WHAT IS EXPECTED: Look below for the lines from the one with "фото №13, Ford" to the one with "沼泽如烟--第919场 澳大利亚1911年三便士银币", and copy exactly those lines, both ends included.

┌─ PROVIDED RECORDS

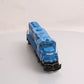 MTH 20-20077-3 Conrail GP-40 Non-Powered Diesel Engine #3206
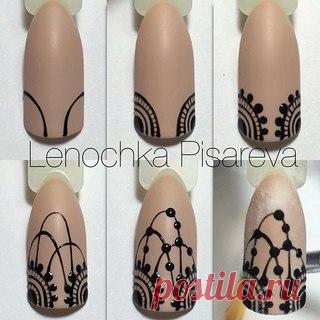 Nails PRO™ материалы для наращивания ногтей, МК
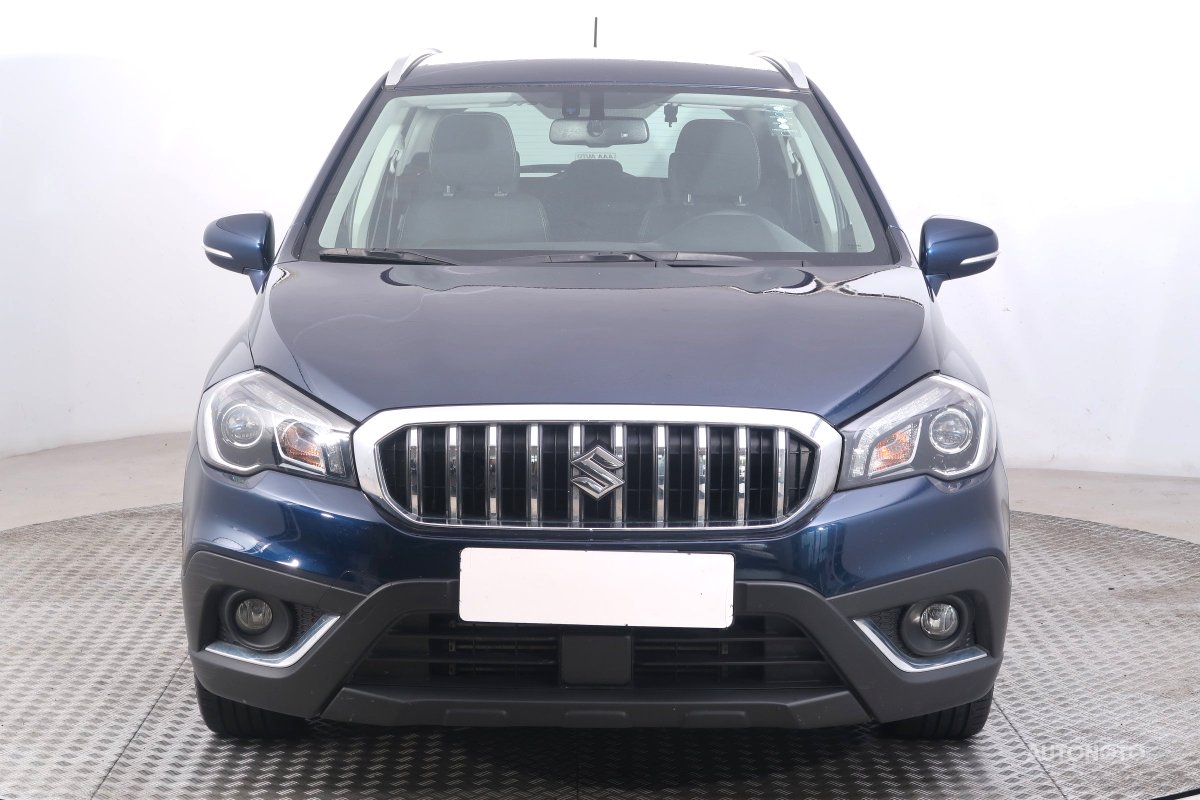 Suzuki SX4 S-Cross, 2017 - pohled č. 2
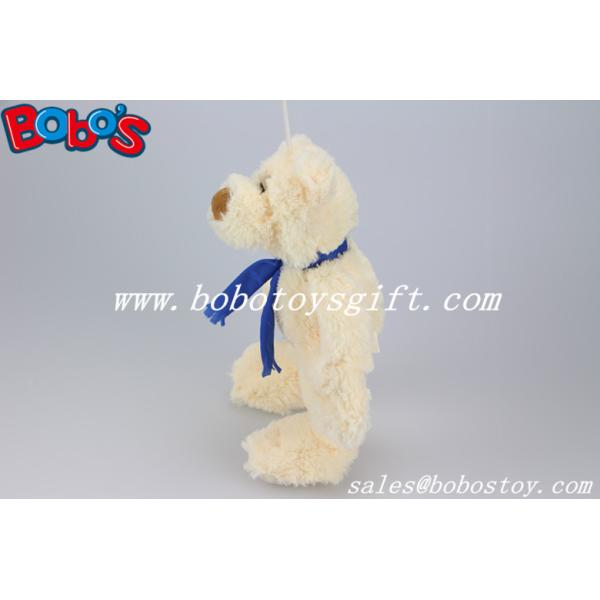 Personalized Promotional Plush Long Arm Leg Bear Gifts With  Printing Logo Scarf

└─
┌─ PROVIDED RECORDS

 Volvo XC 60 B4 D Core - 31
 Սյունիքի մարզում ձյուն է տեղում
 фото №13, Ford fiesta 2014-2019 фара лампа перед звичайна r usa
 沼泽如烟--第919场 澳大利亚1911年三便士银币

└─

RESPONSE TO THIS TASK:
 фото №13, Ford fiesta 2014-2019 фара лампа перед звичайна r usa
 沼泽如烟--第919场 澳大利亚1911年三便士银币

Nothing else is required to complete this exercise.